What is expected ->
For this task, copy all of the data below exactly and skip the pictures.

Listed entries ->
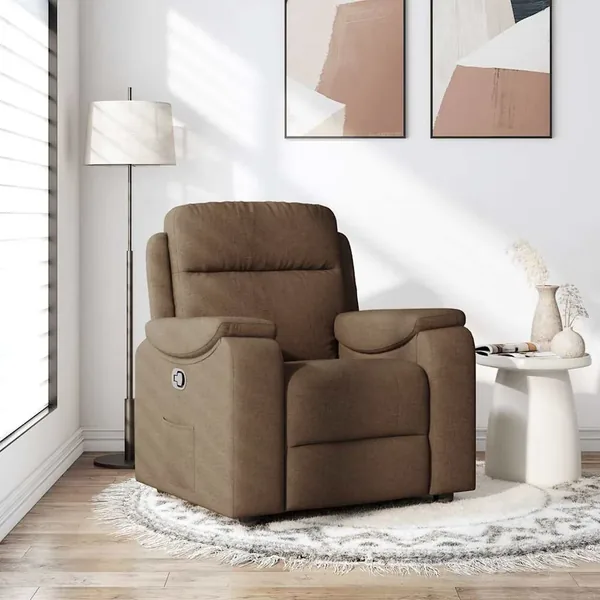 Fauteuil inclinable Marron Tissu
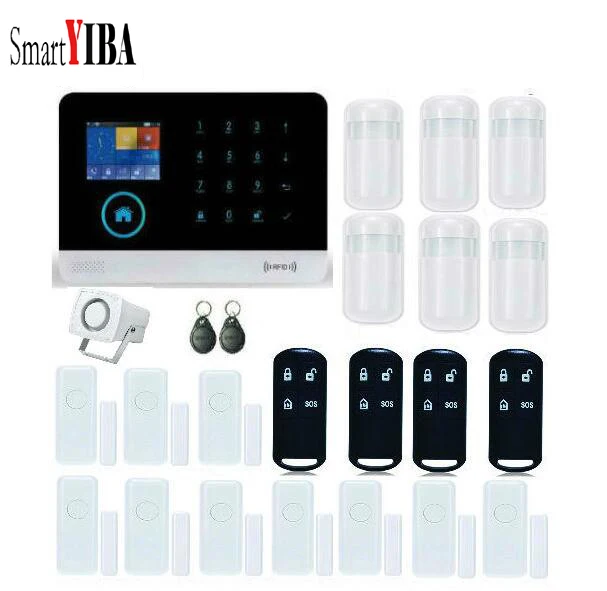 Система охранной сигнализации SmartYIBA Беспроводная GSM сигнализация с Wi Fi GPRS SMS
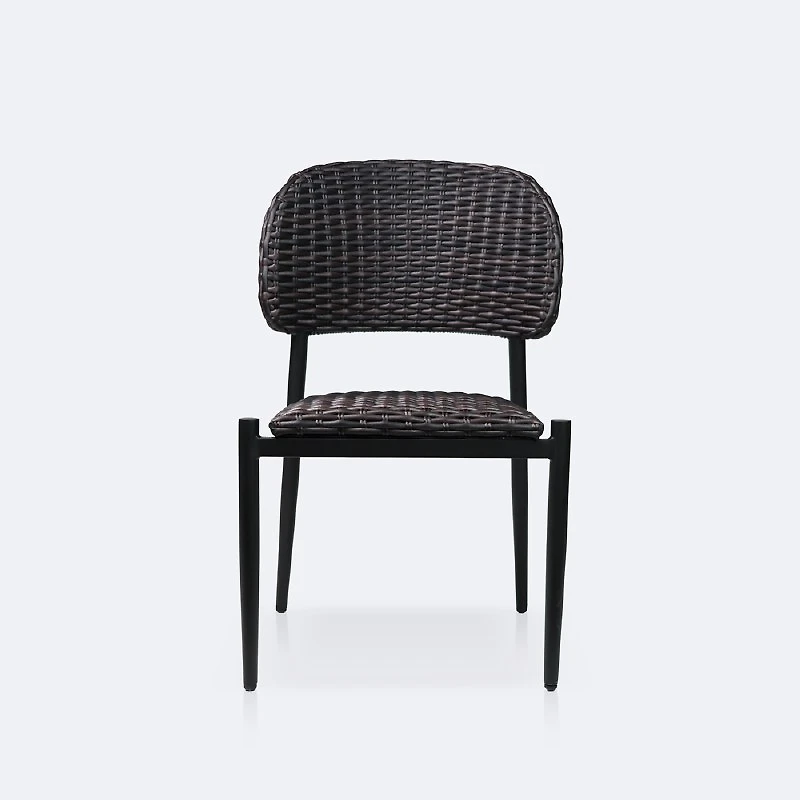 Austin Side Chair - Black/Brown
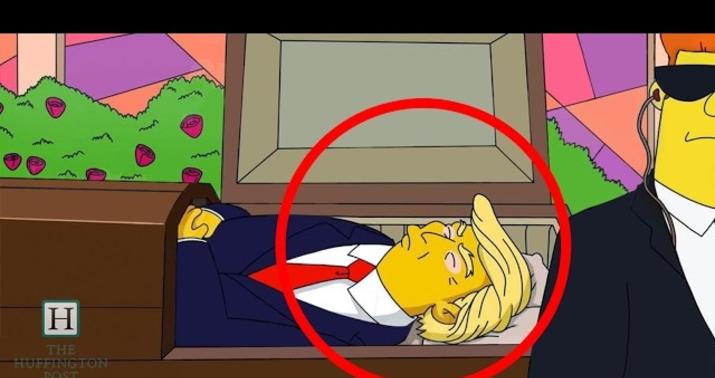 “Simpsonlar” Trampın “ölüm” xəbərini yaydı - VİDEO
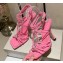 Jimmy Choo Heel 10cm Indiya Sandals Pink with Crystal Hearts 2023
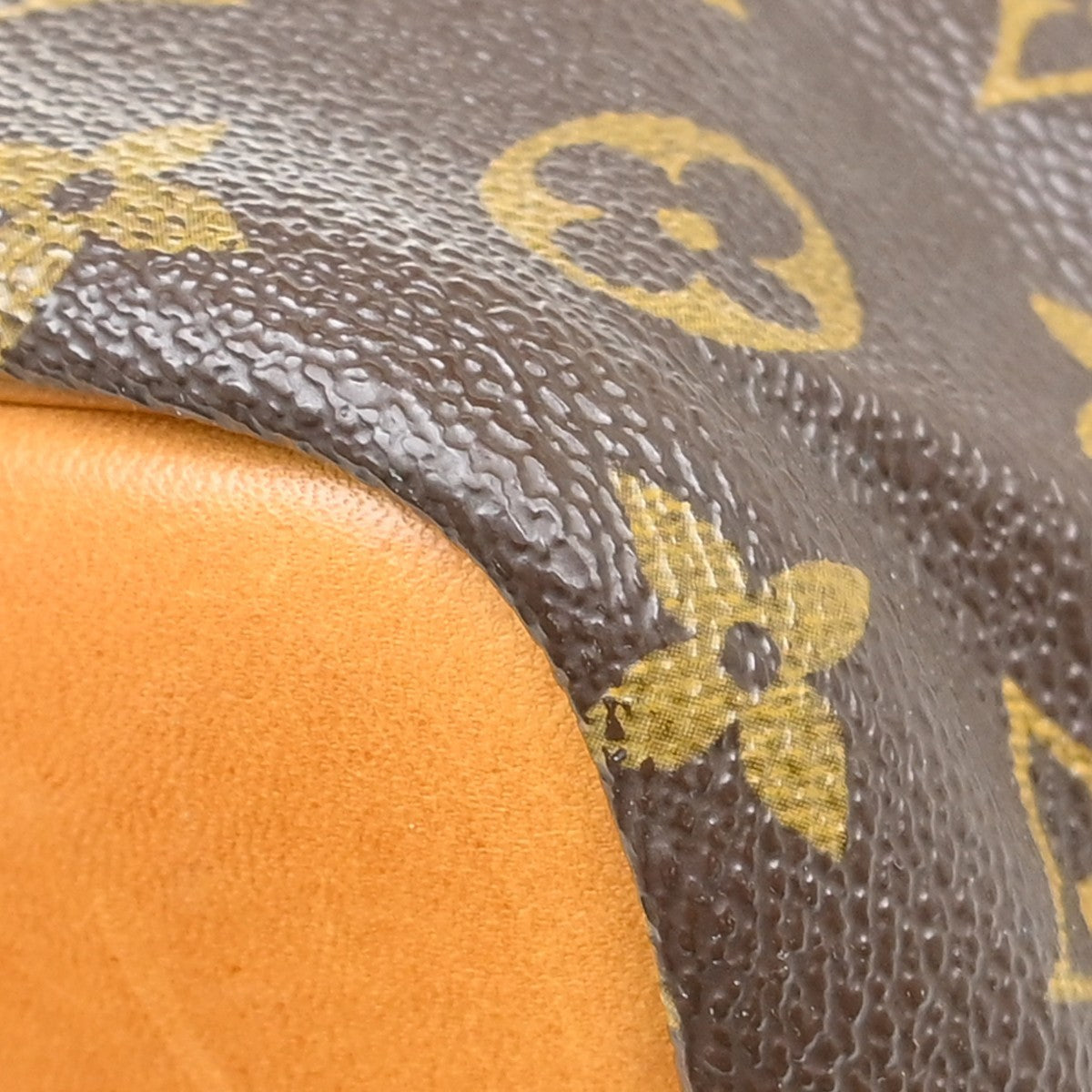 Louis Vuitton Petit Noe Handbag Monogram Canvas Brown Canvas Shoulder Bag Bag (Pre-Owned)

Output ->
 Fauteuil inclinable Marron Tissu
 Система охранной сигнализации SmartYIBA Беспроводная GSM сигнализация с Wi Fi GPRS SMS
 Austin Side Chair - Black/Brown
 “Simpsonlar” Trampın “ölüm” xəbərini yaydı - VİDEO
 Jimmy Choo Heel 10cm Indiya Sandals Pink with Crystal Hearts 2023
 Louis Vuitton Petit Noe Handbag Monogram Canvas Brown Canvas Shoulder Bag Bag (Pre-Owned)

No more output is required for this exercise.